Let A, B, C, D, E be five boolean random variables. Assume that
you are give the independence assumptions:

* A and B are independent absolutely.
* D is conditionally independent of both A and C, given B.
* E is conditionally independent of A, B and D, given C.

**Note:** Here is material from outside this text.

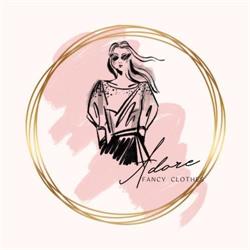 Adore Hasselt, openingstijden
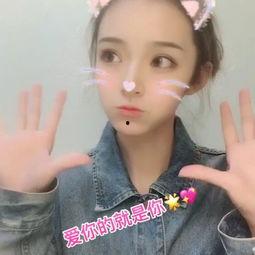 吃瓜论坛自拍视频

Assume you also are give the following probabilities:
P(A=T) = 0.9
P(B=T) = 0.6
P(A=F) = 0.1
P(B=F) = 0.4
P(C=T|A=T,B=T) = 0.9
P(C=T|A=T,B=F) = 0.8
P(C=T|A=F,B=T) = 0.4
P(C=T|A=F,B=F) = 0.1
P(C=F|A=T,B=T) = 0.1
P(C=F|A=T,B=F) = 0.2
P(C=F|A=F,B=T) = 0.6
P(C=F|A=F,B=F) = 0.9
P(D=T|B=T) = 0.8
P(D=T|B=F) = 0.2
P(E=T|C=T) = 0.1
P(E=T|C=F) = 0.8
P(D=F|B=T) = 0.2
P(D=F|B=F) = 0.8
P(E=F|C=T) = 0.9
P(E=F|C=F) = 0.2

Compute the following probabilties:
1. P(A=T and B=T) = P(A) * P(B) = 0.54
2. P(A=T or B=T) = P(A) + P(B) = 1.5
3. P(C=T) = ?????????
4. P(C=T|A=T) = ????????
5. P(C=T and D=T) = ???????

I am totally lost of getting the answers of 3,4 5. I would be much appreciate if anyone able to show me how to solve these. Thanks.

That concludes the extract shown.